What struck me, however, was a comment he made at the end of his speech, when he extrapolated the likely effect on patent law of a number of judicial trends, both in the district courts and the Federal Circuit, that gave him great pause. After laying out a fairly intimidating future, he stopped and he said — this former judge’s judge, with 22 years on the bench behind him — “Of course, none of these are decisions judges should be making in the first place.” These were, he said, policy decisions — calls that should be made by legislators, not judges.
And they are calls that, he made it clear, he knew would not be made by legislators.
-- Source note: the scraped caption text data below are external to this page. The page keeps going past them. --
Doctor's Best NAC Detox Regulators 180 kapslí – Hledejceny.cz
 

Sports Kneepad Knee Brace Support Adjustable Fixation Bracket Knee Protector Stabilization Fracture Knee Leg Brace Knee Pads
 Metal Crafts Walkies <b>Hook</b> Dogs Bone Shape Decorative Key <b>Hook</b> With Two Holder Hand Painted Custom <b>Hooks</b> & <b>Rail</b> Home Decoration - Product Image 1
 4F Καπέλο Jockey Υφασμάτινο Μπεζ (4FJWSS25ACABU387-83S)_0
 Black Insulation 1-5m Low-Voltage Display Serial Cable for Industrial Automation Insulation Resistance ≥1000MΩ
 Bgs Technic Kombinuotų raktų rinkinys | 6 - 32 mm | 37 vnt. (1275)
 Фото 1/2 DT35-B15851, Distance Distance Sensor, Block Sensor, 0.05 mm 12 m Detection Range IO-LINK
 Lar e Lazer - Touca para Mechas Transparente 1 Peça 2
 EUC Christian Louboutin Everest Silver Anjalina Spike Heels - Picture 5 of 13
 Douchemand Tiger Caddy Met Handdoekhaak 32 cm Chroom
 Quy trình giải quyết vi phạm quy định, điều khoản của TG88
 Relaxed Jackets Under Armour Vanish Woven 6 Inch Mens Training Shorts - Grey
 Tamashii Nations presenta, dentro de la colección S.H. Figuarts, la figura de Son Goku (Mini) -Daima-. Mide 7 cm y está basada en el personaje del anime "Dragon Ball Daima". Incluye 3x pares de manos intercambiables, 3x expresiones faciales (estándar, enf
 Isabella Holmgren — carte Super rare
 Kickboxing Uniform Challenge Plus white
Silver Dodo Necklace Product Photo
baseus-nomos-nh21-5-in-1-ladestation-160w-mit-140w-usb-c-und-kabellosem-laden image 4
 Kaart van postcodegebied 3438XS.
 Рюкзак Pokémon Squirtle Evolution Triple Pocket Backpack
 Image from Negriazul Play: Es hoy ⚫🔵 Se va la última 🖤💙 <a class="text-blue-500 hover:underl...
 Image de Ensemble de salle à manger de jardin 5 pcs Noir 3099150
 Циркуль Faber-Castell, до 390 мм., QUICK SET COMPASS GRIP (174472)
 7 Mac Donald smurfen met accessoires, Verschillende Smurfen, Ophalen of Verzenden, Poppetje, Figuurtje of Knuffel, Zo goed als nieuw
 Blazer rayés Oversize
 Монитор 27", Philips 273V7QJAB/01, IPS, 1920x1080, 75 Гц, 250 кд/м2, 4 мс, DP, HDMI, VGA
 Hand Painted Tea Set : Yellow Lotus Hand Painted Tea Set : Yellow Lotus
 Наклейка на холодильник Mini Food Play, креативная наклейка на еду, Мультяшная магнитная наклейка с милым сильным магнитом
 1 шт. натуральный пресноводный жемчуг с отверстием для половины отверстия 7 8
Oh, they will legislate. They will give us law, they will pander, they will complicate. They will deliver what they are paid to deliver.
But Congress will not make the hard, bona fide policy decisions that it their job to make — not in patent law, as he said. And, as I said, they won’t make them in trademark law, either.
So judges will make them. Or make multi-part tests about them. And then our friends, the hard-working but overworked (thanks again, Congress!) patent and trademark examiners, will try their best to administer these judge-made policies as filtered through their supervisors, doing their best to interpret these multi-part tests to real patent and trademark applications. In the process they will create micro-policy, affected as all such policies are by Washington’s cautious yet expansive bureaucratic culture, calculated to provide formulaic and, if applicable, politically correct answers to complex and esoteric intellectual property questions. These are questions on which may ride fortunes and careers — and, in the case of patents, economies and perhaps lives.
These are questions Congress won’t touch.
So, yeah, I had a really nice time in Cleveland, and I hope I get to back there again soon! Or wherever Judge Paul Michel is speaking… and agreeing with LIKELIHOOD OF CONFUSION®! Whether he knows it or not.